(Dataset excerpts)
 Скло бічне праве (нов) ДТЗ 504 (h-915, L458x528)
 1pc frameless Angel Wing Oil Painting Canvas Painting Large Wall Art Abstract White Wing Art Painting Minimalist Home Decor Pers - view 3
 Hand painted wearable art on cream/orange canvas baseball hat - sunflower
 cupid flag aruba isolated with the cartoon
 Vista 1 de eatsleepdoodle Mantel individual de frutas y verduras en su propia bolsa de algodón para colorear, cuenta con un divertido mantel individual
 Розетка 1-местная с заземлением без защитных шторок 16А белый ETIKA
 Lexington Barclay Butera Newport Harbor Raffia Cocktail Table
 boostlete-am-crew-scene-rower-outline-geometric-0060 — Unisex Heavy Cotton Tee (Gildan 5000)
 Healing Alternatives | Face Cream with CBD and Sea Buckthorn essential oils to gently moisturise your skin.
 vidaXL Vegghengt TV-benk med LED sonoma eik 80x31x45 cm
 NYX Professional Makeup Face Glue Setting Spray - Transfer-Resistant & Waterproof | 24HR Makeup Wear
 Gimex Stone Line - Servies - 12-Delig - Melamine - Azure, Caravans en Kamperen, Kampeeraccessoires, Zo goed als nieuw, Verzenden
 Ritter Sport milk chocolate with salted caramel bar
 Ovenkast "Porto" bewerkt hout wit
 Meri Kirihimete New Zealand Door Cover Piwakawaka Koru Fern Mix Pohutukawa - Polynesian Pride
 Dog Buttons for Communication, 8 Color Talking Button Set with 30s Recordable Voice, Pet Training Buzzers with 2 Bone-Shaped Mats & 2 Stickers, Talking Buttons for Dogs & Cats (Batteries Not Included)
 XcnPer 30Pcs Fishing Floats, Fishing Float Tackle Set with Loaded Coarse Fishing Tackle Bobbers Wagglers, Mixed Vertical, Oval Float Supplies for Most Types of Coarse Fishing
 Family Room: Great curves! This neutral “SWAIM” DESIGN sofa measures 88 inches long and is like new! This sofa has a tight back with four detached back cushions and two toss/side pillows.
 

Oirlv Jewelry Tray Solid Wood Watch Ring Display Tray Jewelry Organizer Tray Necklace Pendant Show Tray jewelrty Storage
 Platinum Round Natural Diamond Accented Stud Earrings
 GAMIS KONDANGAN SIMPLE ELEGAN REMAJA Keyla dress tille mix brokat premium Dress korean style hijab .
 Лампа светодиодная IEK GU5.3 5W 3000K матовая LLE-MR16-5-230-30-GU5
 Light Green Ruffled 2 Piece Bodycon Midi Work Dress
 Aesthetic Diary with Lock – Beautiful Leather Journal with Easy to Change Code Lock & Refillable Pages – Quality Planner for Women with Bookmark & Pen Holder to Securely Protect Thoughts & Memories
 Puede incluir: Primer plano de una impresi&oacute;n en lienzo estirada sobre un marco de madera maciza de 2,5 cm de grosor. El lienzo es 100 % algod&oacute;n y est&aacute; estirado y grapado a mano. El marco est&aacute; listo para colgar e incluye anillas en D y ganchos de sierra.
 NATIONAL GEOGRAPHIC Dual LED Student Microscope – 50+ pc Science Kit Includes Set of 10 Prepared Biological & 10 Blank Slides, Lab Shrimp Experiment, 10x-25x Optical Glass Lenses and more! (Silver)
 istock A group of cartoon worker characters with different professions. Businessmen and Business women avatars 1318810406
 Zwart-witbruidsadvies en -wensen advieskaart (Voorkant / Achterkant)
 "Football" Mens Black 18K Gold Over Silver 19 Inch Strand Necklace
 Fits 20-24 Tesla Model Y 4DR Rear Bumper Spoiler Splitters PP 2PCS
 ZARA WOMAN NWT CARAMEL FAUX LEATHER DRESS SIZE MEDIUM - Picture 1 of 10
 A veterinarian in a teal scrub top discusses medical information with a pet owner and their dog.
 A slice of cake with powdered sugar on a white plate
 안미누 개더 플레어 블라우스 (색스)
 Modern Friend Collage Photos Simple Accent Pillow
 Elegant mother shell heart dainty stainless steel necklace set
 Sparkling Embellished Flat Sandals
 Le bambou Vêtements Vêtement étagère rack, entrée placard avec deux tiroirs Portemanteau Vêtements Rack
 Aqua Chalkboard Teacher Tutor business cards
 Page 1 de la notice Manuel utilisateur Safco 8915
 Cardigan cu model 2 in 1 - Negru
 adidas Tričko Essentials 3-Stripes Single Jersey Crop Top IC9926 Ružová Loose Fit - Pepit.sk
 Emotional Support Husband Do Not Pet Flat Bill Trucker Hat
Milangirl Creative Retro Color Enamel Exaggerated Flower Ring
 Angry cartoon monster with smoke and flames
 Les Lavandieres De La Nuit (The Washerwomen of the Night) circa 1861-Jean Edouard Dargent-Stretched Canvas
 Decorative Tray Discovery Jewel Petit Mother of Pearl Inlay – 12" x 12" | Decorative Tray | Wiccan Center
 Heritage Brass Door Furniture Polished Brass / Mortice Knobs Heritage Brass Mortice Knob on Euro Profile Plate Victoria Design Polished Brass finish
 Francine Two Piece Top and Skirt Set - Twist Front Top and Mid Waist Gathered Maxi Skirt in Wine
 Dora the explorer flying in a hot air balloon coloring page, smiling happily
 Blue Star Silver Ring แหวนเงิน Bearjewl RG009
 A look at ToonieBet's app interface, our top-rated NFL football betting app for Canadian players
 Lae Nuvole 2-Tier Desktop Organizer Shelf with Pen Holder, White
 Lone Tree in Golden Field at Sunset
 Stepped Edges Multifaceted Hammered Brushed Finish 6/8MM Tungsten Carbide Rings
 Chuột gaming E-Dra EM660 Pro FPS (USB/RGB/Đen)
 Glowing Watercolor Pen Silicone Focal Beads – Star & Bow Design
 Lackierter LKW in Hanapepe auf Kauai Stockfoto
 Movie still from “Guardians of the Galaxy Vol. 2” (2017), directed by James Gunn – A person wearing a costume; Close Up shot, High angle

▶ [About this task]: Retype the entries exactly from the first line, stopping after the line with "cupid flag aruba isolated with the cartoon".

▶ [Your response]:
 Скло бічне праве (нов) ДТЗ 504 (h-915, L458x528)
 1pc frameless Angel Wing Oil Painting Canvas Painting Large Wall Art Abstract White Wing Art Painting Minimalist Home Decor Pers - view 3
 Hand painted wearable art on cream/orange canvas baseball hat - sunflower
 cupid flag aruba isolated with the cartoon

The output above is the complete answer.